* [What the task asks]: Produce again, without any change, the lines running from the one with "BSHRA, Kings Forest" through the final line of the data below, and only those.

** Opening Data for the task block **

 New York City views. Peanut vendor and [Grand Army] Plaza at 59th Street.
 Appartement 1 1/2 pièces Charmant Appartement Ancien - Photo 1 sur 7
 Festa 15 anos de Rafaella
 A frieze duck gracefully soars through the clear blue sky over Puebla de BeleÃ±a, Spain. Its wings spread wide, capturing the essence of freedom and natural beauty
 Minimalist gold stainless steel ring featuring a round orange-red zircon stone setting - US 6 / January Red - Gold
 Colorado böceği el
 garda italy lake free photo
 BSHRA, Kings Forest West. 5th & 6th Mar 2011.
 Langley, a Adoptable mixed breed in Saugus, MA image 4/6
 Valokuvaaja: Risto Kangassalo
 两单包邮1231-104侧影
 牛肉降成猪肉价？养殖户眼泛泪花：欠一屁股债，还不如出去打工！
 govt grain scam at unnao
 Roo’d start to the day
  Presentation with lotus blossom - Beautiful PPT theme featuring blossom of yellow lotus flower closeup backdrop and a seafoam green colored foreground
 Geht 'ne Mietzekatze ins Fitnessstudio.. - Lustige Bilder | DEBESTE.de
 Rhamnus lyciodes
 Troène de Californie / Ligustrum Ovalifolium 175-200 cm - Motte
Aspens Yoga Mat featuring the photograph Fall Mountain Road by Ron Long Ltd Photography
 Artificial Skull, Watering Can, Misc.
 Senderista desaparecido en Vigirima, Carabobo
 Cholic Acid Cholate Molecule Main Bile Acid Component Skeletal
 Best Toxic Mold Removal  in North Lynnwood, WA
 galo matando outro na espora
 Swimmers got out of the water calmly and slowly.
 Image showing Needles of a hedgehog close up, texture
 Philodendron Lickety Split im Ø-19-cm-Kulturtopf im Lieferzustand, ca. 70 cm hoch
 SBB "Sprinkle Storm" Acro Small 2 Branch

** Closing Data for the task block **

* [Solution below]:
 BSHRA, Kings Forest West. 5th & 6th Mar 2011.
 Langley, a Adoptable mixed breed in Saugus, MA image 4/6
 Valokuvaaja: Risto Kangassalo
 两单包邮1231-104侧影
 牛肉降成猪肉价？养殖户眼泛泪花：欠一屁股债，还不如出去打工！
 govt grain scam at unnao
 Roo’d start to the day
  Presentation with lotus blossom - Beautiful PPT theme featuring blossom of yellow lotus flower closeup backdrop and a seafoam green colored foreground
 Geht 'ne Mietzekatze ins Fitnessstudio.. - Lustige Bilder | DEBESTE.de
 Rhamnus lyciodes
 Troène de Californie / Ligustrum Ovalifolium 175-200 cm - Motte
Aspens Yoga Mat featuring the photograph Fall Mountain Road by Ron Long Ltd Photography
 Artificial Skull, Watering Can, Misc.
 Senderista desaparecido en Vigirima, Carabobo
 Cholic Acid Cholate Molecule Main Bile Acid Component Skeletal
 Best Toxic Mold Removal  in North Lynnwood, WA
 galo matando outro na espora
 Swimmers got out of the water calmly and slowly.
 Image showing Needles of a hedgehog close up, texture
 Philodendron Lickety Split im Ø-19-cm-Kulturtopf im Lieferzustand, ca. 70 cm hoch
 SBB "Sprinkle Storm" Acro Small 2 Branch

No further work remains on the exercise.